Task instructions:
Give back the exact lines of the material below from the one containing "Pink Pure Cotton mena Tant Saree (1521)" through the one containing "Beyaz bir arka", and no pictures.

Provided records:
+--

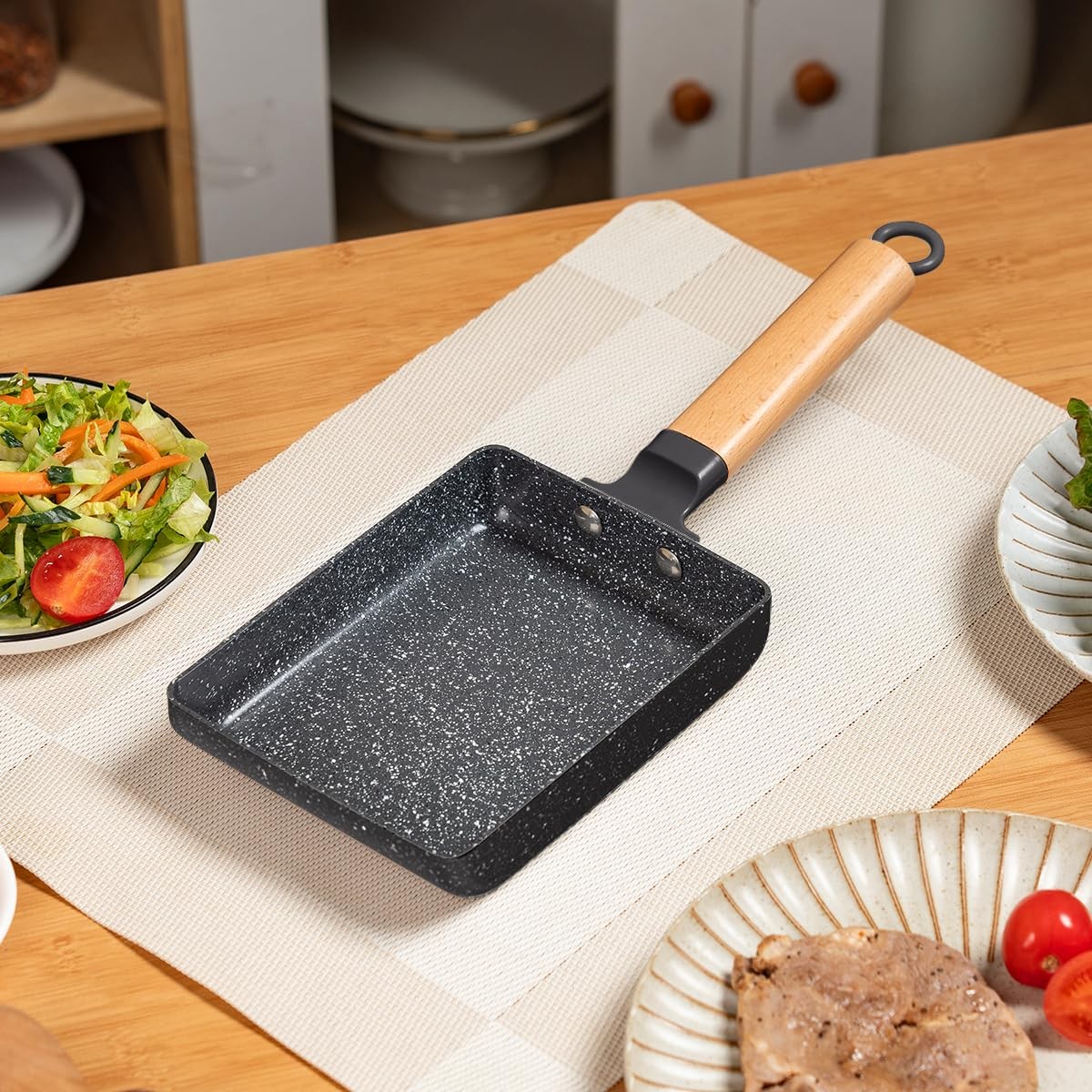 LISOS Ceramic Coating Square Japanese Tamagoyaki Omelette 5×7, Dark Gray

+--

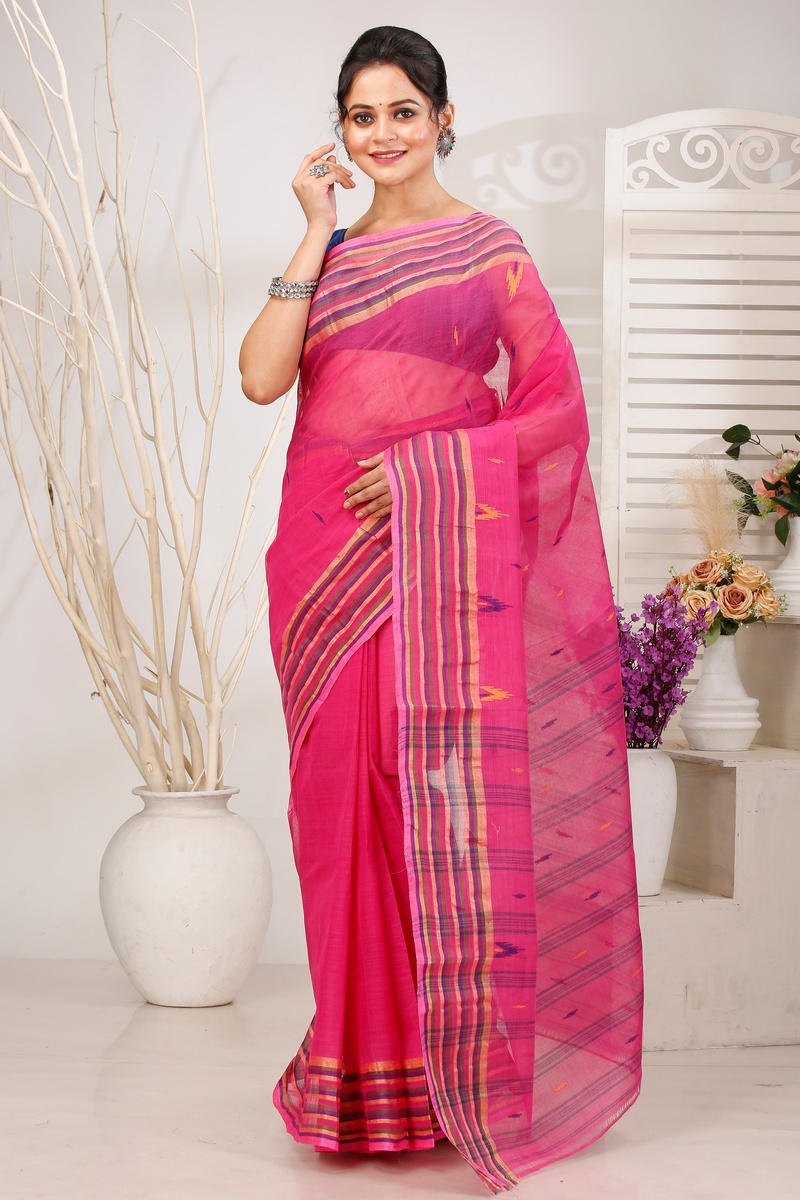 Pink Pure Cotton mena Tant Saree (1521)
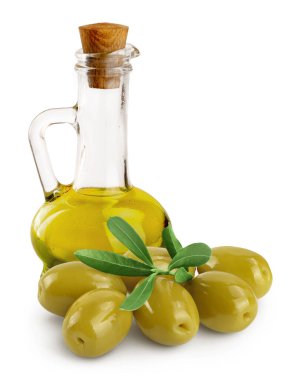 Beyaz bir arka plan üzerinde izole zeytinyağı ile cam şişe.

+--

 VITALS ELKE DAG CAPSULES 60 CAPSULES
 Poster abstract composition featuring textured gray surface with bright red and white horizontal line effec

+--

Output below:
 Pink Pure Cotton mena Tant Saree (1521)
 Beyaz bir arka plan üzerinde izole zeytinyağı ile cam şişe.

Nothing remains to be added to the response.